# PROBLEM REQUIREMENTS
Copy the listing verbatim, excluding any images found in it.

# RECORDED INFORMATION
::::::::::

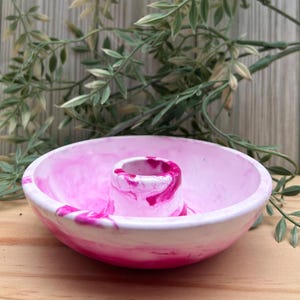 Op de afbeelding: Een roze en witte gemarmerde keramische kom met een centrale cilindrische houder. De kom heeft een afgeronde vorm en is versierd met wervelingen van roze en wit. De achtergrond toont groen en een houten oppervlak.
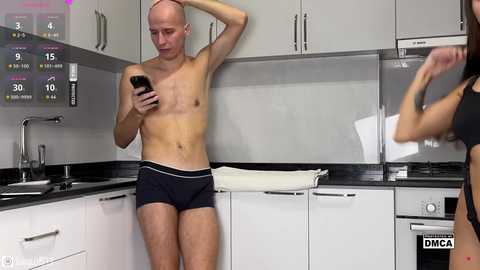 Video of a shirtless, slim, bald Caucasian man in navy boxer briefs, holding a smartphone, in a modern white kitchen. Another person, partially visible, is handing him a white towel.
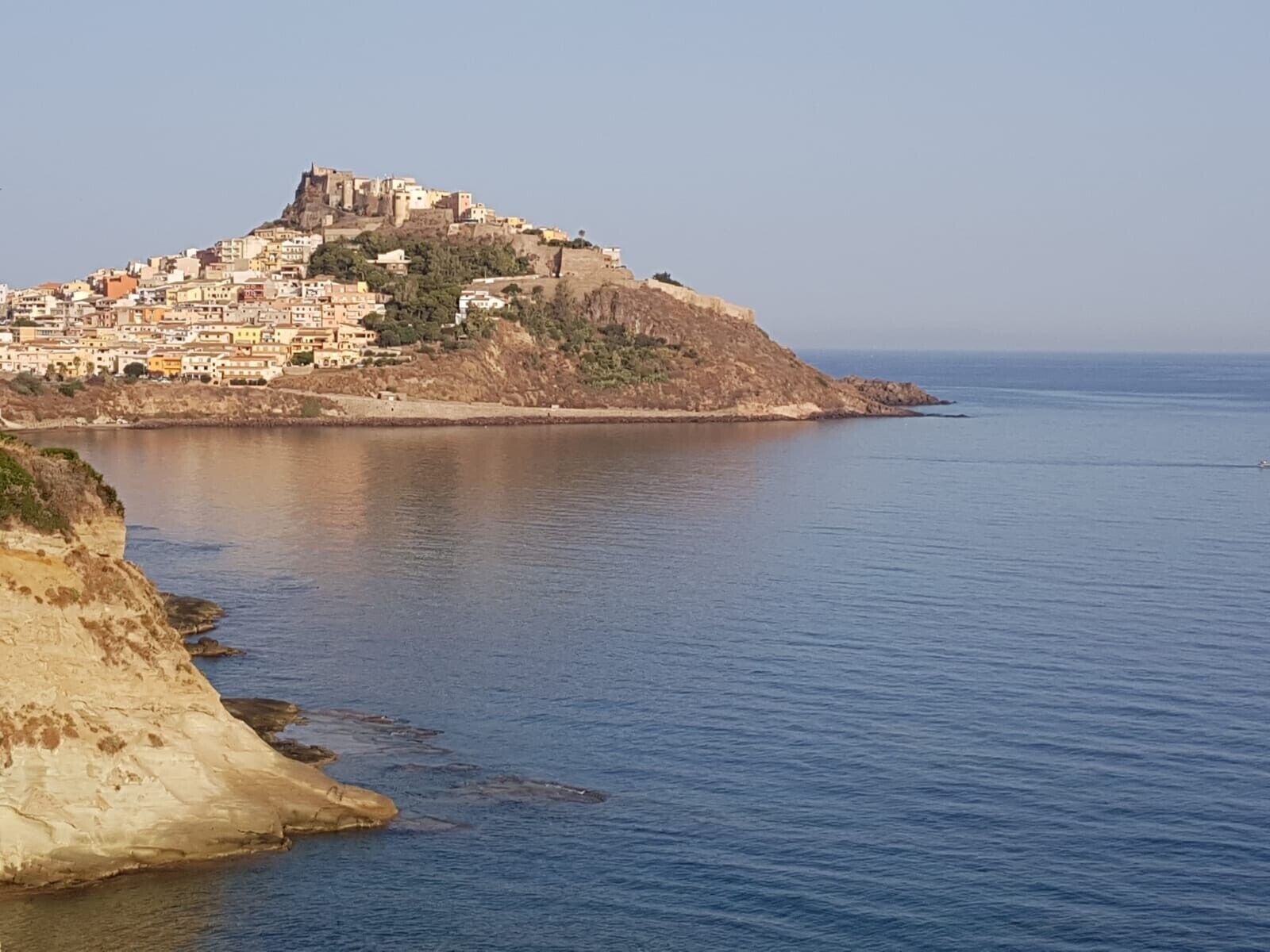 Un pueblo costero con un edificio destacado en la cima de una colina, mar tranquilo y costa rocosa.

::::::::::

# WRITTEN REPLY
 Op de afbeelding: Een roze en witte gemarmerde keramische kom met een centrale cilindrische houder. De kom heeft een afgeronde vorm en is versierd met wervelingen van roze en wit. De achtergrond toont groen en een houten oppervlak.
 Video of a shirtless, slim, bald Caucasian man in navy boxer briefs, holding a smartphone, in a modern white kitchen. Another person, partially visible, is handing him a white towel.
 Un pueblo costero con un edificio destacado en la cima de una colina, mar tranquilo y costa rocosa.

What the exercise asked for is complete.